Mientras triunfa esta modalidad de alpinismo, los clubes de montaña tradicionales languidecen con cada vez menos afiliados, en una dinámica de anomia social similar a la que describió Peter Mair en su imprescindible Gobernando el vacío. El auge del montañismo cuantitativo e hípercompetitivo también afecta a la naturaleza: Batalla detalla el destrozo medioambiental que causan las competiciones a las que se apuntan miles de runners. El caso de sobreexplotación más reconocido tal vez sea el del techo del mundo. Hoy la cumbre del Everest alberga a largas colas de turistas; sus campamentos están repletos de basura, excrementos y bombonas de oxígeno usadas.

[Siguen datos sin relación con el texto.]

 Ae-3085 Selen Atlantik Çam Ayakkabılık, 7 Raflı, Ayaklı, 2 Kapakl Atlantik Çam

Esta forma de concebir la montaña afecta incluso a lo que comemos. En el capítulo más entretenido del libro, un Batalla epicúreo desgrana los manjares que los alpinistas solían traer a sus expediciones. Cabe preguntarse qué hubiese hecho Geoffrey Winthrop Young (1876-1958), que para combatir el mal de altura prescribía foie gras, codornices trufadas, vino, champán y whisky, sometido a una dieta de Isostar y sobres de glucosa. Si la prosa de Batalla ya de por sí es barroca, en este capítulo se recrea hasta extremos insospechados, alabando “la untuosa turgencia de los chorizos” y “la frágil reciedumbre de las patatas” que acompañaban a unos huevos fritos que se comió en determinada ocasión.
Del subtítulo de este libro se podría inferir que estamos ante un ensayo izquierdista sin concesiones. No exactamente. Batalla escribe como un humanista angustiado por la profanación de un espacio al que atribuye un significado más profundo que la quema de calorías o la publicación de stories en Instagram. Sus reflexiones recuerdan a las de Bruce Chatwin en Los trazos de la canción; también podrían ser las de un conservador chestertoniano, consciente de que nada disuelve los valores trascendentales como el avance desbocado del mercado.

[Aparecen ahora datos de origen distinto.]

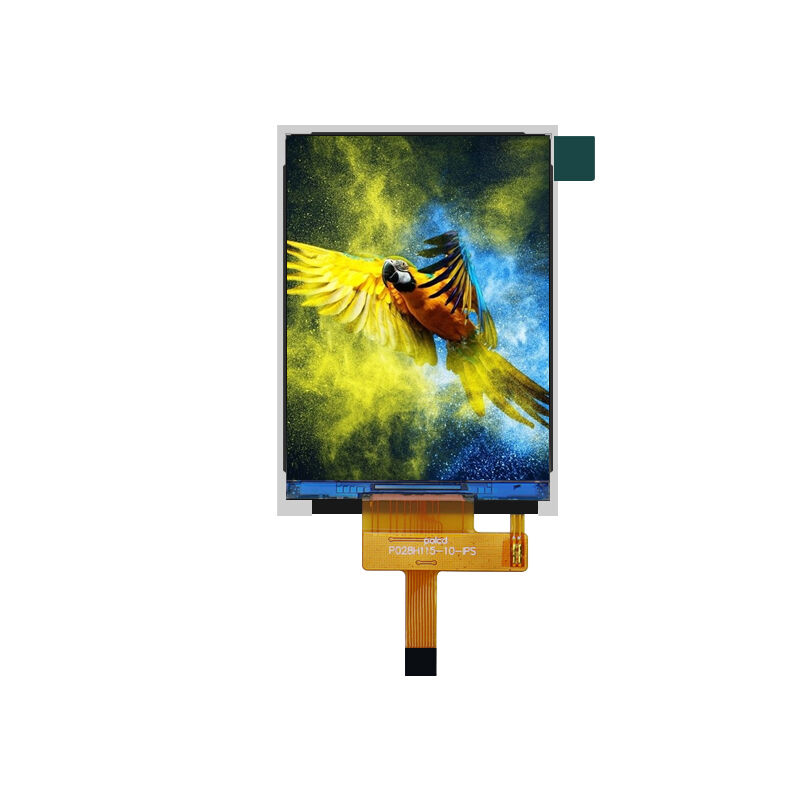 Polcd 2.8' TFT LCD Προσαρμόστε το χρωματικό πάνελ Εικόνα 240*320 Ανάλυση 260 νιτ IPS LCD οθόνη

La virtud en la montaña es más que un libro sobre senderismo. Se trata de un ensayo original sobre el tiempo, el trabajo, los mercados y nuestro entorno natural. El texto se apoya en autores como Karl Polanyi, César Rendueles y Almudena Hernando para abordar la historia del montañismo, su relación con movimientos políticos y figuras históricas (la segunda parte del libro es un compendio de “vidas ejemplares” en la montaña) y la propia naturaleza del ser humano.
El resultado es una lectura sui generis, penetrante y divertida. Esperemos que algún día caiga en manos del montañista sin emociones y del alberguista que quiso ser un caballo.